Exactly reproduce the lines from the line containing "Biosynthèse des immunoglobulines: (Réponse" to the end of the data below, inclusive, and nothing else.

┌─ GIVEN ENTRIES

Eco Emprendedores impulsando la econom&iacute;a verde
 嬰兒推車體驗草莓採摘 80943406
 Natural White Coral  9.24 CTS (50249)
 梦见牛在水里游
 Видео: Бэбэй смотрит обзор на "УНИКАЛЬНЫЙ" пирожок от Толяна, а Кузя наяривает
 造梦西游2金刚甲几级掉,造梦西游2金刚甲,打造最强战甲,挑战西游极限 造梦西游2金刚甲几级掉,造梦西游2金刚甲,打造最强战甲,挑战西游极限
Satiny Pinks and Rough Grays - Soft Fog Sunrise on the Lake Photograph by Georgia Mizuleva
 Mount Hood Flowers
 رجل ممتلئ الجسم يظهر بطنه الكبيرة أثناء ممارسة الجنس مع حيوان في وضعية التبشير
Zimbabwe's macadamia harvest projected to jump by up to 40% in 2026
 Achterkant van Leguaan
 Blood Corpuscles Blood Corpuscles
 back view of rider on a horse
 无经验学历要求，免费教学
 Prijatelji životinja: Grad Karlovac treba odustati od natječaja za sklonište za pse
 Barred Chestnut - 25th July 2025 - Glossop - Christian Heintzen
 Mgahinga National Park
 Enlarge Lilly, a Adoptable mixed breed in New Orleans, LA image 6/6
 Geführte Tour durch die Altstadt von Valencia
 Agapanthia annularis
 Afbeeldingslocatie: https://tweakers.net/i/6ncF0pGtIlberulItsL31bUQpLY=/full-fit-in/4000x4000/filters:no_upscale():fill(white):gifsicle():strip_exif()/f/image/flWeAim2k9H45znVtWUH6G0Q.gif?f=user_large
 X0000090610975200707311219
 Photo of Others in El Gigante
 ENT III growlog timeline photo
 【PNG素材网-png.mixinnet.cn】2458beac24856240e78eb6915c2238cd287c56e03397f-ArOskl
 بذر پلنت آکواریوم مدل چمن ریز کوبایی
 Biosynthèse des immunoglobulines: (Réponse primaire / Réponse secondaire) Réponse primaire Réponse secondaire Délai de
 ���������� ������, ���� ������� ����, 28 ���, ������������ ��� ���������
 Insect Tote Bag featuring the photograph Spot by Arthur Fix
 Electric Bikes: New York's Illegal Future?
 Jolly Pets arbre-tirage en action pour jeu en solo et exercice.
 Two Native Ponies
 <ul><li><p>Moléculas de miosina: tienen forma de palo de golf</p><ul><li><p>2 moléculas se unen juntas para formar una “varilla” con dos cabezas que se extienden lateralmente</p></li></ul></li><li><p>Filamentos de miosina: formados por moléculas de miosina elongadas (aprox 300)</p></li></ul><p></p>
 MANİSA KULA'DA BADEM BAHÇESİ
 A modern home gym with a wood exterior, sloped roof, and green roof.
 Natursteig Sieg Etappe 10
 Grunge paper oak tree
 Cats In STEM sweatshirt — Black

└─

### SOLUTION TO THE PROBLEM
 Biosynthèse des immunoglobulines: (Réponse primaire / Réponse secondaire) Réponse primaire Réponse secondaire Délai de
 ���������� ������, ���� ������� ����, 28 ���, ������������ ��� ���������
 Insect Tote Bag featuring the photograph Spot by Arthur Fix
 Electric Bikes: New York's Illegal Future?
 Jolly Pets arbre-tirage en action pour jeu en solo et exercice.
 Two Native Ponies
 <ul><li><p>Moléculas de miosina: tienen forma de palo de golf</p><ul><li><p>2 moléculas se unen juntas para formar una “varilla” con dos cabezas que se extienden lateralmente</p></li></ul></li><li><p>Filamentos de miosina: formados por moléculas de miosina elongadas (aprox 300)</p></li></ul><p></p>
 MANİSA KULA'DA BADEM BAHÇESİ
 A modern home gym with a wood exterior, sloped roof, and green roof.
 Natursteig Sieg Etappe 10
 Grunge paper oak tree
 Cats In STEM sweatshirt — Black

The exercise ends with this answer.